Exercise objective
Please take the lines from the one holding "Emma Bridgewater New" through the one holding "Grunge Love Half" in the data below and copy them exactly.

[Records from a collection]
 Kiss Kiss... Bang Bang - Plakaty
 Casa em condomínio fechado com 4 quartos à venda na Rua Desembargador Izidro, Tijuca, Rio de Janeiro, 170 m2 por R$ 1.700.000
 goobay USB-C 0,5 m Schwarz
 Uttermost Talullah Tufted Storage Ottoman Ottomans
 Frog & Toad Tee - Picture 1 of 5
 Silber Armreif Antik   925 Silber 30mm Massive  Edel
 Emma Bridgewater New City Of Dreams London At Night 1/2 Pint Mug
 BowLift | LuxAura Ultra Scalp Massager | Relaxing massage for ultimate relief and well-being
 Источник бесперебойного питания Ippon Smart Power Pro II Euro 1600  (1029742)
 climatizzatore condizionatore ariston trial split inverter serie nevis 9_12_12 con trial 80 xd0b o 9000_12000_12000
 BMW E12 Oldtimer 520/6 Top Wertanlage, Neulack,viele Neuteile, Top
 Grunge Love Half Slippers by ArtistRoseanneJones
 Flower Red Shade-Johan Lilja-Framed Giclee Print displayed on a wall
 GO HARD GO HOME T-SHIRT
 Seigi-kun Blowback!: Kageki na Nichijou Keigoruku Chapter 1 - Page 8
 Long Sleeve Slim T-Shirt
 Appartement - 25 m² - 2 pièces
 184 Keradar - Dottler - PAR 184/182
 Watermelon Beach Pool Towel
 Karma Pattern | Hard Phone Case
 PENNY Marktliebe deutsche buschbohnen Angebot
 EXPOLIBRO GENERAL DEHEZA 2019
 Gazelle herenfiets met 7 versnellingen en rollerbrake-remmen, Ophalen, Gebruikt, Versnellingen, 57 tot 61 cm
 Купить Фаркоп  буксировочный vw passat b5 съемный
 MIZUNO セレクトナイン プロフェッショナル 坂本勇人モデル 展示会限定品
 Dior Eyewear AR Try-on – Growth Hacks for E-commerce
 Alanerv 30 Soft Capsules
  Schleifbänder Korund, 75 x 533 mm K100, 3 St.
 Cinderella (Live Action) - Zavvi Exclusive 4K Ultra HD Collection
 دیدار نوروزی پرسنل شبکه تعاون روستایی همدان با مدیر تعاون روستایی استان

Task solution
 Emma Bridgewater New City Of Dreams London At Night 1/2 Pint Mug
 BowLift | LuxAura Ultra Scalp Massager | Relaxing massage for ultimate relief and well-being
 Источник бесперебойного питания Ippon Smart Power Pro II Euro 1600  (1029742)
 climatizzatore condizionatore ariston trial split inverter serie nevis 9_12_12 con trial 80 xd0b o 9000_12000_12000
 BMW E12 Oldtimer 520/6 Top Wertanlage, Neulack,viele Neuteile, Top
 Grunge Love Half Slippers by ArtistRoseanneJones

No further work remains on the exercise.